WHAT THE EXERCISE ASKS:
Pictures stay out; everything else in the records below is to be repeated exactly.
__________________________________________________
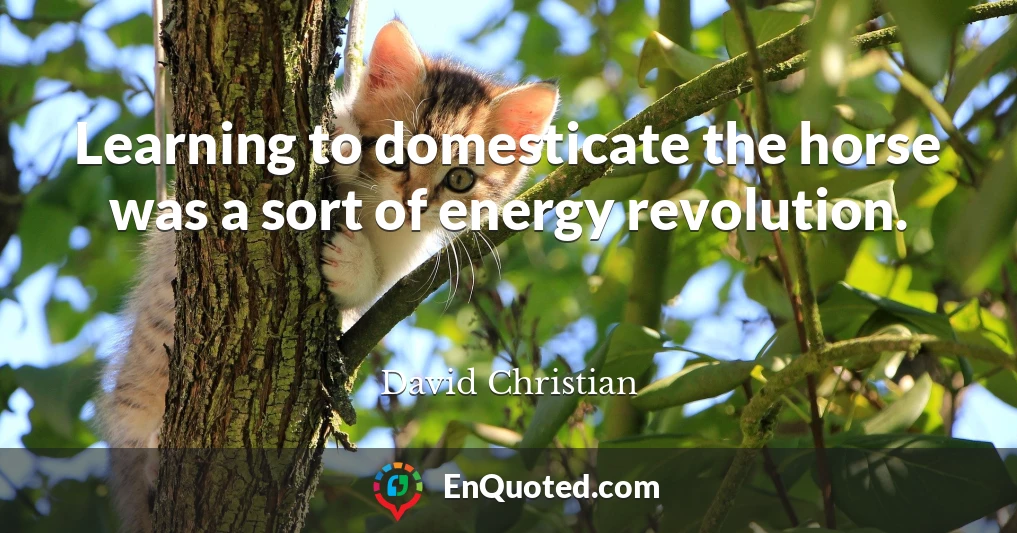 Learning to domesticate the horse was a sort of energy revolution.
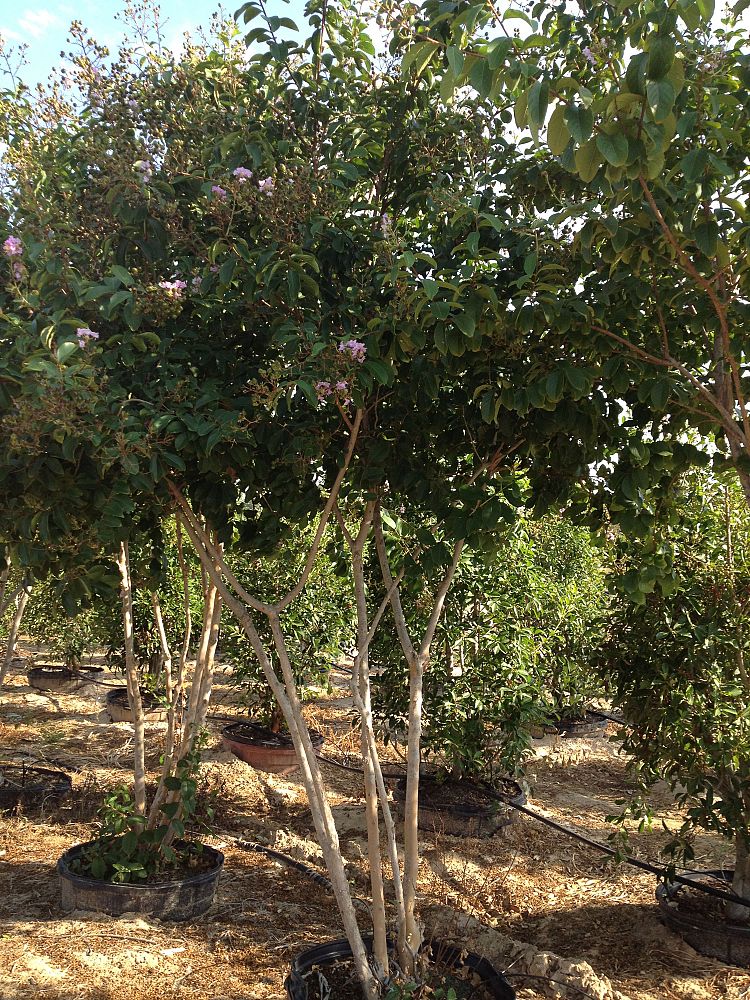 lagerstroemia-fauriei-muskogee-japanese-crape-myrtle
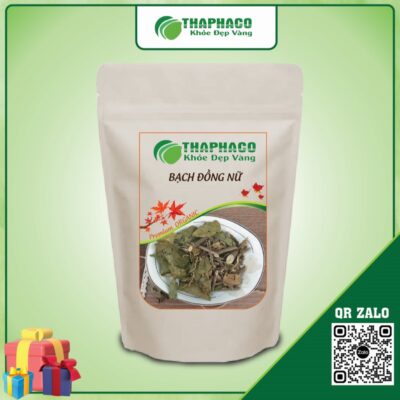 Bạch đồng nữ giúp giảm đau nhức xương khớp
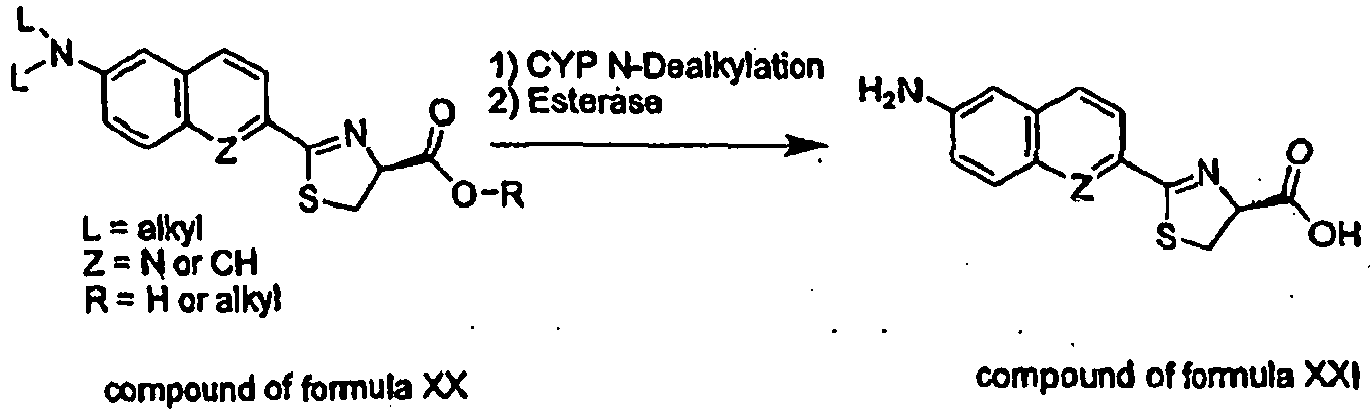 Figure imgb0021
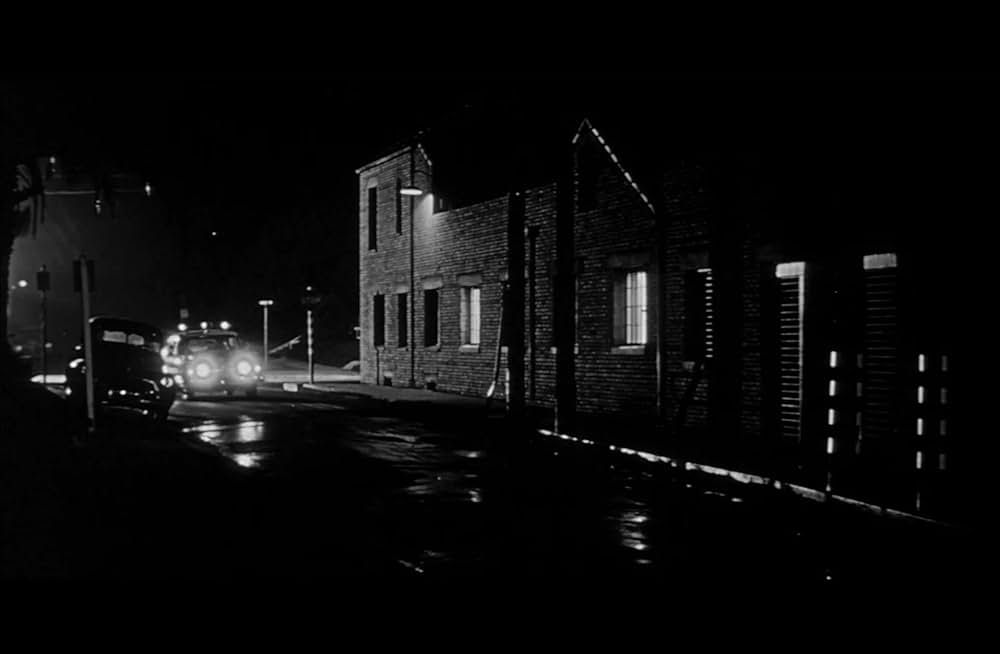 ボディ・スナッチャー/恐怖の街の画像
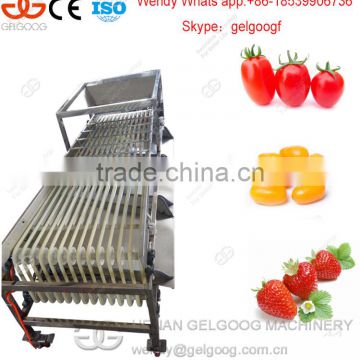 Stainless Steel Best Price Dates Sorting Machine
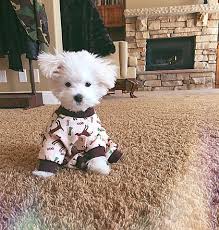 MAKE SEW COMFORTABLE WARM CUSTOM HOMEMADE DIY DOG PAJAMA, DOG & PUPPY PAJAMA FREE PATTERNS & PRINTS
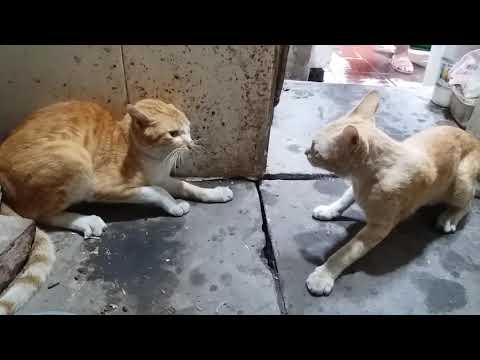 Mèo đánh nhau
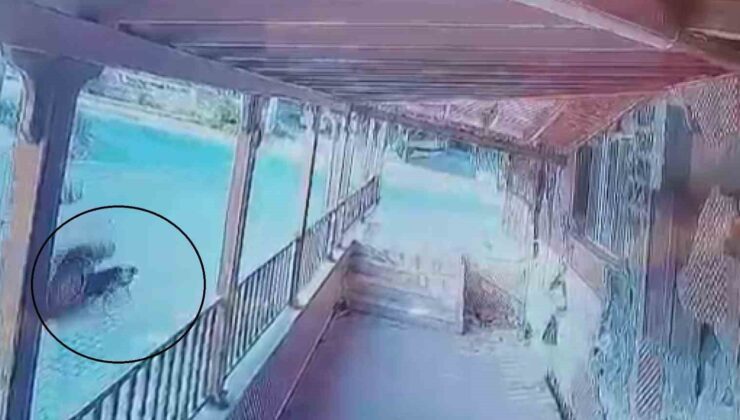 Sürücü yol ortasında yatan köpeğin üzerinden geçti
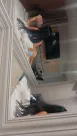 Foto profissional de Nifet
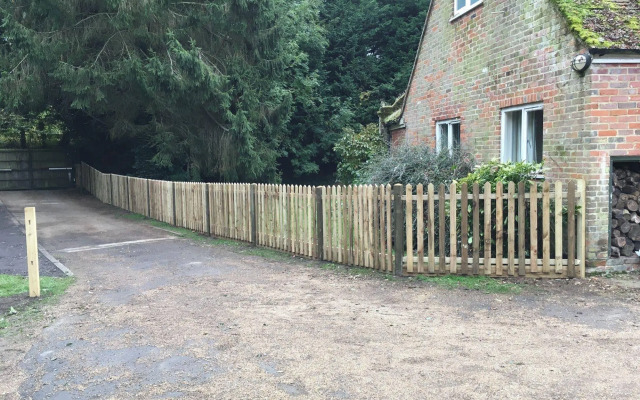 Willow Down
__________________________________________________
ANSWER BOX:
 Learning to domesticate the horse was a sort of energy revolution.
 lagerstroemia-fauriei-muskogee-japanese-crape-myrtle
 Bạch đồng nữ giúp giảm đau nhức xương khớp
 Figure imgb0021
 ボディ・スナッチャー/恐怖の街の画像
 Stainless Steel Best Price Dates Sorting Machine
 MAKE SEW COMFORTABLE WARM CUSTOM HOMEMADE DIY DOG PAJAMA, DOG & PUPPY PAJAMA FREE PATTERNS & PRINTS
 Mèo đánh nhau
 Sürücü yol ortasında yatan köpeğin üzerinden geçti
 Foto profissional de Nifet
 Willow Down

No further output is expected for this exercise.